Medium-stakes skills (sending notifications, updating deal stages) move to notify after three weeks of clean behavior.
High-stakes skills (deleting records, sending invoices, modifying financial data) remain approve, indefinitely. These are deliberately not delegated.
The Agent Manager’s cadence moves from daily to weekly (see chapter 16).

Go / No-Go Criteria

Before the operator is given full autonomous scope, every one of these must be true:

Check	Requirement
First 10 heartbeat cycles completed	All succeeded or failed gracefully; no silent errors
No stuck approve-queue backlog	Every pending approval has been reviewed and actioned
SOUL.md read by a human	Someone who is not you knows what the operator values
Failure recovery tested	A skill was broken intentionally; quarantine worked
Pause command known	The Agent Manager can stop the operator in one step
At least one finding acted upon	The operator produced a real finding that changed something in the business

If any row fails, do not proceed. Fix the failing row first. The cost of waiting a week is small. The cost of an autonomous operator acting on a business it does not yet understand is large.

Emergency Procedures

Know these before you need them.

Immediate pause. The Agent Manager has a one-command pause. For an OpenClaw deployment, this is typically a tool_policy update that blocks all skills, or disabling the heartbeat cron.
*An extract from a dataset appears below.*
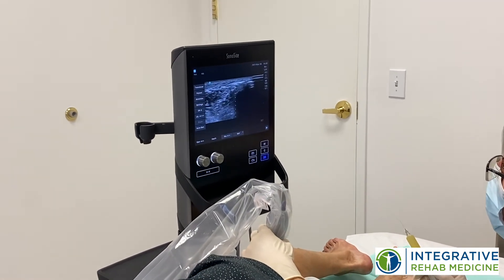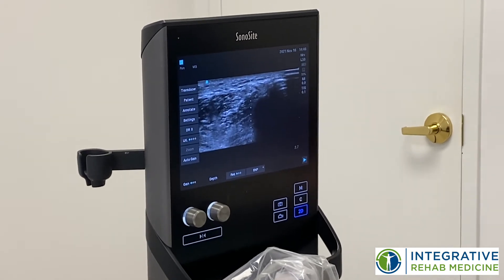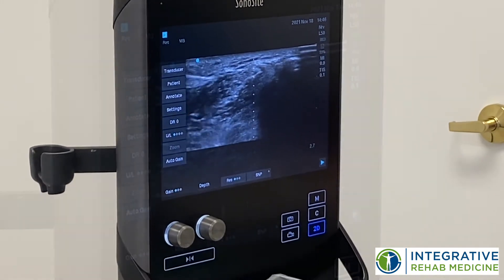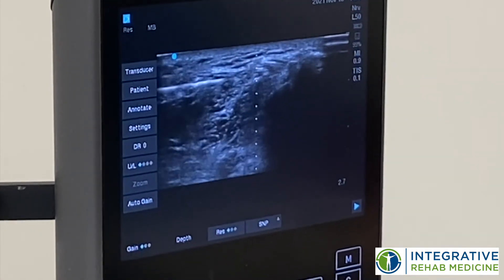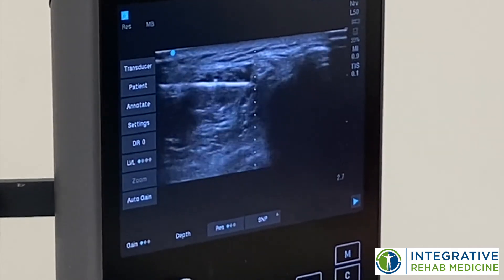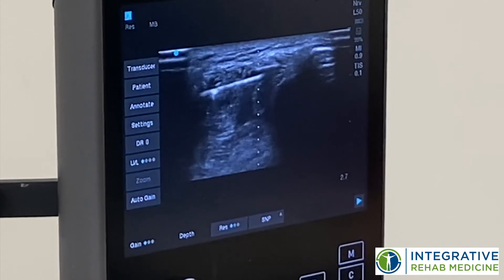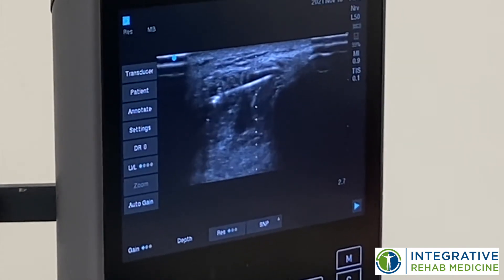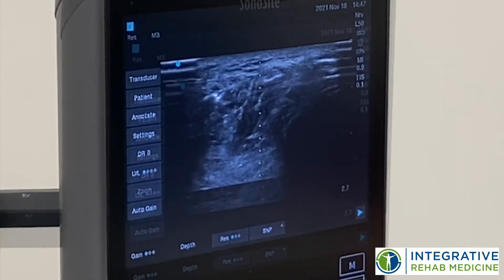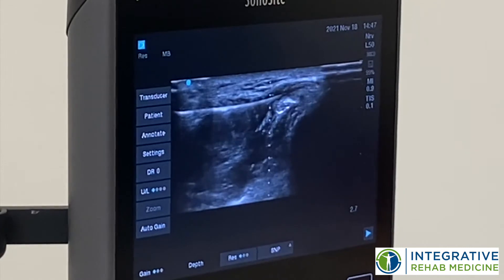So here we are, we're going to treat the fibular nerve. That's the nerve that gives us sensation of the top of the foot, but also gives us the motion that allows us to lift the foot when we're walking. And inject right around it. Here it is just underneath the nerve. I'm going to come above it, separating tissue away from the nerve.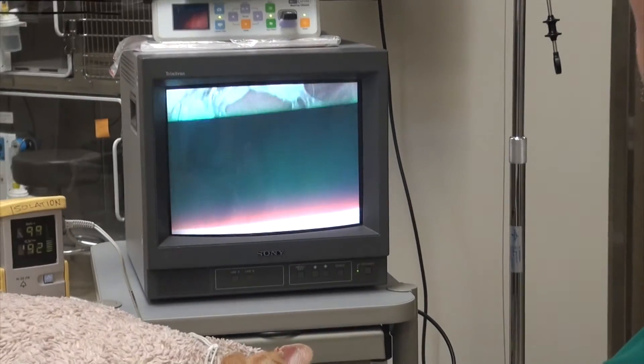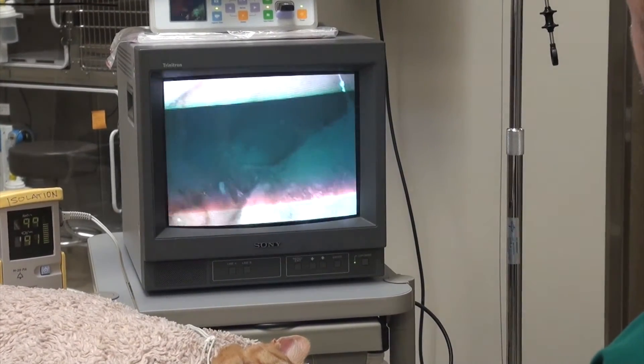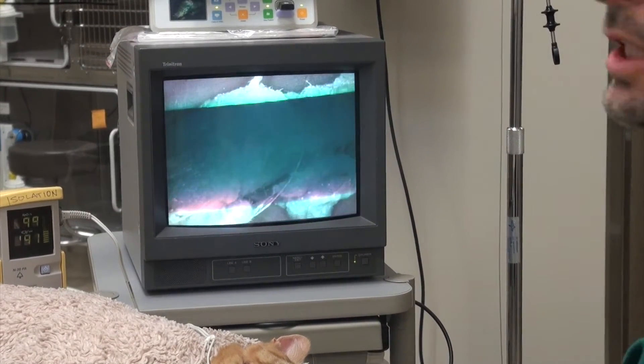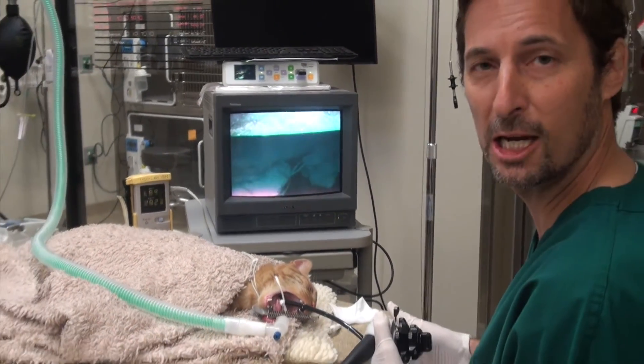Now you can see a little bit of the gastric fold still, and then if you look right there, there is the foreign body. It looks like the owner told me it was a blue piece of yarn, and I can see that it actually does look like there's a blue piece of yarn in there. Awesome, let's take it out.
Review recent actions. Every action the operator has taken in the last 24 hours is readable from the activity log. Know where that log lives. Know how to filter it by time range.

Revoke credentials. If the operator’s behavior has become uninterpretable and the pause is not sufficient, revoke the API key or auth token it uses against the target platform. The operator is now isolated; you can investigate without risk.

Postmortem. Every emergency produces a memo: what happened, what the operator did, what was broken in its configuration, what has been changed to prevent recurrence. The memo lives in the workspace repository, next to SOUL.md and AGENTS.md. The operator reads it on its next cycle.

A deployment that skips this checklist will run. It may even produce useful findings for several weeks. What it will not do is remain trustworthy as the business evolves. The checklist is the difference between a demonstration and a deployment.